> _The data_
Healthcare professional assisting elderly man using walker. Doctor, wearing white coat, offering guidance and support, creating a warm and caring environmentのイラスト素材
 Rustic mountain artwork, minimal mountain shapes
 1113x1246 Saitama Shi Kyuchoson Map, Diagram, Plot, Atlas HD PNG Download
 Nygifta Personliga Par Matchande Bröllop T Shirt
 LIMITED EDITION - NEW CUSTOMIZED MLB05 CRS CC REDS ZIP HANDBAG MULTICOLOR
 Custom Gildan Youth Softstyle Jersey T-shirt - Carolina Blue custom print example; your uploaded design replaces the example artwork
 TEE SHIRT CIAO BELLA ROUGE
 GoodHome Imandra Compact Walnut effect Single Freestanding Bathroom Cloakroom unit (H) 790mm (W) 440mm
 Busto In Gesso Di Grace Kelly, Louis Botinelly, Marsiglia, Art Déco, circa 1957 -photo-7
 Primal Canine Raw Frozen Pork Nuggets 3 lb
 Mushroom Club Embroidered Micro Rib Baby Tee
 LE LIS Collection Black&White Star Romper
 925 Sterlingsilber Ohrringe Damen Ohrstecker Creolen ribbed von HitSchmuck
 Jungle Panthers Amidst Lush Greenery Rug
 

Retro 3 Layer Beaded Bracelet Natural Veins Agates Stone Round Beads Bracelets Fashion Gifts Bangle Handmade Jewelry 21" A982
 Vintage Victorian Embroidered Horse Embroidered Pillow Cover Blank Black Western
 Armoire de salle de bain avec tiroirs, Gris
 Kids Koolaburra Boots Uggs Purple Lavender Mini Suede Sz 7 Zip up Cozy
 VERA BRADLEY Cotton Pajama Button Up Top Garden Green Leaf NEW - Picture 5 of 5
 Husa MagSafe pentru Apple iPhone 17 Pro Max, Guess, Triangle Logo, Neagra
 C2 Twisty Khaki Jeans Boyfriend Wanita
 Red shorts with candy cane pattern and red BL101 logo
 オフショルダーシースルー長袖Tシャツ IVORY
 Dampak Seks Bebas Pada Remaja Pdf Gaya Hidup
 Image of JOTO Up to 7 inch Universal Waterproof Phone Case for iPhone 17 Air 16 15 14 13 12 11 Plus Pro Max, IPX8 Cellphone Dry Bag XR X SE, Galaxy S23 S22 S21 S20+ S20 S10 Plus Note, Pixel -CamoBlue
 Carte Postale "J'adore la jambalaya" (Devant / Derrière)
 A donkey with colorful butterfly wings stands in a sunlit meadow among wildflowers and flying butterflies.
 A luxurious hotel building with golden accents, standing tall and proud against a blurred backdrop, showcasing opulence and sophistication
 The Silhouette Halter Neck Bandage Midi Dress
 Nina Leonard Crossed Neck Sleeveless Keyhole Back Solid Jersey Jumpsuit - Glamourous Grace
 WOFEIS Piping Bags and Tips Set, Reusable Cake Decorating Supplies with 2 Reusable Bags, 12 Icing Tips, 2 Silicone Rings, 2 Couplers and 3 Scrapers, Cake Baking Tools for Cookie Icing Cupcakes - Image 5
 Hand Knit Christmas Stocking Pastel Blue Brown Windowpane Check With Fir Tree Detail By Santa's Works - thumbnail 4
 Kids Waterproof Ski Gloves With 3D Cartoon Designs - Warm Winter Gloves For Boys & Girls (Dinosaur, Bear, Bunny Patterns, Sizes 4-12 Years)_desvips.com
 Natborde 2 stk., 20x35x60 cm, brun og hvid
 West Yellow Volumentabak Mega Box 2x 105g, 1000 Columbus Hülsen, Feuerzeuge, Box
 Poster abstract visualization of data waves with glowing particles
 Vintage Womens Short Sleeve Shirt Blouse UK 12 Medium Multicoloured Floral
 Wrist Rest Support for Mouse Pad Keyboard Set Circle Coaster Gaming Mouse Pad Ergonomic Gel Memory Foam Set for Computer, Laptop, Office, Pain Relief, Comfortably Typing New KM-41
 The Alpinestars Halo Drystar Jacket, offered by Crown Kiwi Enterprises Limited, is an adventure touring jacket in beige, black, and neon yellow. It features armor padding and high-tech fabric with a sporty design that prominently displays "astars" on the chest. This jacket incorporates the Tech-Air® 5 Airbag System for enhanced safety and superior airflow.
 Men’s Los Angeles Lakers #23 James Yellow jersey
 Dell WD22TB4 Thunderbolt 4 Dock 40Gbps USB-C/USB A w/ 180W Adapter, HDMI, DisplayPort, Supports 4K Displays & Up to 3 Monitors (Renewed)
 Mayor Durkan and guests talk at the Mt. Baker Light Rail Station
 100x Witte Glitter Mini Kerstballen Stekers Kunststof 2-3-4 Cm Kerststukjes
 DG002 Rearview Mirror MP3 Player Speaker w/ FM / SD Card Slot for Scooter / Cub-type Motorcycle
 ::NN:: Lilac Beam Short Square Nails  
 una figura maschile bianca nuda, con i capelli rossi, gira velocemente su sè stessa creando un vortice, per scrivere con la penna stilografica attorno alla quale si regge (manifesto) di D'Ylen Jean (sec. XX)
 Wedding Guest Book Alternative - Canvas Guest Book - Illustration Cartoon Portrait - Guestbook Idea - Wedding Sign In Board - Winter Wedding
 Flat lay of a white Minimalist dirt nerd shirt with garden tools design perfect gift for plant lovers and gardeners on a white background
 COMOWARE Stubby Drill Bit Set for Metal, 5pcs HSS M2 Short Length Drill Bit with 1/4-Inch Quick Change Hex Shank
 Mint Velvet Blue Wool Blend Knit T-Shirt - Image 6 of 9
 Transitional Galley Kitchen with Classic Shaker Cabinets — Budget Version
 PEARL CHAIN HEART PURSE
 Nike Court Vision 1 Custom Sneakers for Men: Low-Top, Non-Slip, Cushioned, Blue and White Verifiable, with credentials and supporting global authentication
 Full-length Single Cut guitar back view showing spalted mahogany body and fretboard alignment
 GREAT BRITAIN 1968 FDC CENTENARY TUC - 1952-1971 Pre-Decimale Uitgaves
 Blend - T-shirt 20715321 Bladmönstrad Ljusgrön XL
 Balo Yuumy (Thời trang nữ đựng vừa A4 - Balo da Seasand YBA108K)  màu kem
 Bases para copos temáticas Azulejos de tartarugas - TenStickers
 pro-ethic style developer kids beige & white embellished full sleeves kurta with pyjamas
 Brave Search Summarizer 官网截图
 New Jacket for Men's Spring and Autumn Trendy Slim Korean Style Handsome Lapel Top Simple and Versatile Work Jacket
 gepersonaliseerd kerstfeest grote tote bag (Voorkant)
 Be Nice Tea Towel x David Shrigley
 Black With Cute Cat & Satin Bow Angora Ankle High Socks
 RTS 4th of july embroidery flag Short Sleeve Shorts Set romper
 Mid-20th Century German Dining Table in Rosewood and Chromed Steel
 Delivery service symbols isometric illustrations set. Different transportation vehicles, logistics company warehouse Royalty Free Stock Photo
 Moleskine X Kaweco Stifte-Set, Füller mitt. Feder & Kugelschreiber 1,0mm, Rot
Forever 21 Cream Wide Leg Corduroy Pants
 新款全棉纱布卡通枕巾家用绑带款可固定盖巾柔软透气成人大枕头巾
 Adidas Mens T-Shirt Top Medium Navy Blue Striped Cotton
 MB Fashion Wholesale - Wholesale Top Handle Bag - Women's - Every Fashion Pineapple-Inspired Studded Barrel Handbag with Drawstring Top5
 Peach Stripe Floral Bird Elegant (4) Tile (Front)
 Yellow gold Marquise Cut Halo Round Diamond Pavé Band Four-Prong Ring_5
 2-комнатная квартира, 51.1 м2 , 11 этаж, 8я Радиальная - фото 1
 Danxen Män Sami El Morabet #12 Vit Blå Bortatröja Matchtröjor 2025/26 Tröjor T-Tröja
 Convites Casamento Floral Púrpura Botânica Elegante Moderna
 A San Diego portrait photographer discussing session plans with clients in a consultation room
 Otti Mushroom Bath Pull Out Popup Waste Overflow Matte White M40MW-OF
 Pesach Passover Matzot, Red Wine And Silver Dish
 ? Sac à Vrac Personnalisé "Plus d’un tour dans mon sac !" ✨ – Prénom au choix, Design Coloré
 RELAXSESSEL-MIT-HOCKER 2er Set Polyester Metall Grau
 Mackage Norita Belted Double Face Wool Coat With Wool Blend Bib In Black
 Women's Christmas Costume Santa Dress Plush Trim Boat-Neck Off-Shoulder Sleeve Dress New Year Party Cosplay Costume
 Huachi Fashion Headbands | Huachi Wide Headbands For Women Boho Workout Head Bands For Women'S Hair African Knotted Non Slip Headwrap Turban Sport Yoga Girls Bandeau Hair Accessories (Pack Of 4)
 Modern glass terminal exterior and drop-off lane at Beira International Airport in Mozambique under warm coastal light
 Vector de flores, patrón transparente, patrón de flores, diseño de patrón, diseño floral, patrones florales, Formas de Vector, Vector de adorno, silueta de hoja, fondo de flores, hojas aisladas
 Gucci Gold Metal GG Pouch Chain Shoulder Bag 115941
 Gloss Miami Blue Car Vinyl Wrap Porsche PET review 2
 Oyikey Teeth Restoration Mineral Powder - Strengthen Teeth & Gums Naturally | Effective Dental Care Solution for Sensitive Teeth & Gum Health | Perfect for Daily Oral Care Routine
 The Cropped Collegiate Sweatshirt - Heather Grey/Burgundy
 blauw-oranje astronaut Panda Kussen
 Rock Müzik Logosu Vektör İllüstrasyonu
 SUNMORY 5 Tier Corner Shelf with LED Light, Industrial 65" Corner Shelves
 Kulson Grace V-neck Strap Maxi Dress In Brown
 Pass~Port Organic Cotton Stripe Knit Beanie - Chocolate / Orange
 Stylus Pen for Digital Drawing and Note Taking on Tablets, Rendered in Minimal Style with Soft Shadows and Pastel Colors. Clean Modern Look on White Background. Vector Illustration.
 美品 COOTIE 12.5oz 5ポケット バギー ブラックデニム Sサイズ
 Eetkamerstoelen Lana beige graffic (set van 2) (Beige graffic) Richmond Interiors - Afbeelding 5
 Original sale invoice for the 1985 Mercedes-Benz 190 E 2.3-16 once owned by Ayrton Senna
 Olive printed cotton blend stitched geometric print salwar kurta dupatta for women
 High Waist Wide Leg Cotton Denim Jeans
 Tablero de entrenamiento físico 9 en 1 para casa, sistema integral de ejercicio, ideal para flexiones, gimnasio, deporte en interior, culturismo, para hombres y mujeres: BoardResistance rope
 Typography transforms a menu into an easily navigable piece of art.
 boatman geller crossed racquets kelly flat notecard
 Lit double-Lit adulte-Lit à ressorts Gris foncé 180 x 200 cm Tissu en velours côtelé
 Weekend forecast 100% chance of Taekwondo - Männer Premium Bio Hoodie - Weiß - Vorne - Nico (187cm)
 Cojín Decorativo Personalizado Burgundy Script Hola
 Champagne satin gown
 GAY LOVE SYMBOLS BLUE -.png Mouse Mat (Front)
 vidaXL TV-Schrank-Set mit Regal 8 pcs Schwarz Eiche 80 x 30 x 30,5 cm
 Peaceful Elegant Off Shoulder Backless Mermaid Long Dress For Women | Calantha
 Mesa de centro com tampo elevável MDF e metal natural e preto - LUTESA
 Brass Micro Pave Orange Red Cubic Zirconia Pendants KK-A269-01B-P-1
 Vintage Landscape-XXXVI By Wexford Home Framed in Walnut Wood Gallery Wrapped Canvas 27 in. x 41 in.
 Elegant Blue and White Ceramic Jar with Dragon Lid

> _Work request_
Repeat exactly the lines above from the one with "Convites Casamento Floral" up to and including the one with "美品 COOTIE 12.5oz 5ポケット バギー ブラックデニム Sサイズ". No other line belongs in the reply.

> _Response to this exercise_
 Convites Casamento Floral Púrpura Botânica Elegante Moderna
 A San Diego portrait photographer discussing session plans with clients in a consultation room
 Otti Mushroom Bath Pull Out Popup Waste Overflow Matte White M40MW-OF
 Pesach Passover Matzot, Red Wine And Silver Dish
 ? Sac à Vrac Personnalisé "Plus d’un tour dans mon sac !" ✨ – Prénom au choix, Design Coloré
 RELAXSESSEL-MIT-HOCKER 2er Set Polyester Metall Grau
 Mackage Norita Belted Double Face Wool Coat With Wool Blend Bib In Black
 Women's Christmas Costume Santa Dress Plush Trim Boat-Neck Off-Shoulder Sleeve Dress New Year Party Cosplay Costume
 Huachi Fashion Headbands | Huachi Wide Headbands For Women Boho Workout Head Bands For Women'S Hair African Knotted Non Slip Headwrap Turban Sport Yoga Girls Bandeau Hair Accessories (Pack Of 4)
 Modern glass terminal exterior and drop-off lane at Beira International Airport in Mozambique under warm coastal light
 Vector de flores, patrón transparente, patrón de flores, diseño de patrón, diseño floral, patrones florales, Formas de Vector, Vector de adorno, silueta de hoja, fondo de flores, hojas aisladas
 Gucci Gold Metal GG Pouch Chain Shoulder Bag 115941
 Gloss Miami Blue Car Vinyl Wrap Porsche PET review 2
 Oyikey Teeth Restoration Mineral Powder - Strengthen Teeth & Gums Naturally | Effective Dental Care Solution for Sensitive Teeth & Gum Health | Perfect for Daily Oral Care Routine
 The Cropped Collegiate Sweatshirt - Heather Grey/Burgundy
 blauw-oranje astronaut Panda Kussen
 Rock Müzik Logosu Vektör İllüstrasyonu
 SUNMORY 5 Tier Corner Shelf with LED Light, Industrial 65" Corner Shelves
 Kulson Grace V-neck Strap Maxi Dress In Brown
 Pass~Port Organic Cotton Stripe Knit Beanie - Chocolate / Orange
 Stylus Pen for Digital Drawing and Note Taking on Tablets, Rendered in Minimal Style with Soft Shadows and Pastel Colors. Clean Modern Look on White Background. Vector Illustration.
 美品 COOTIE 12.5oz 5ポケット バギー ブラックデニム Sサイズ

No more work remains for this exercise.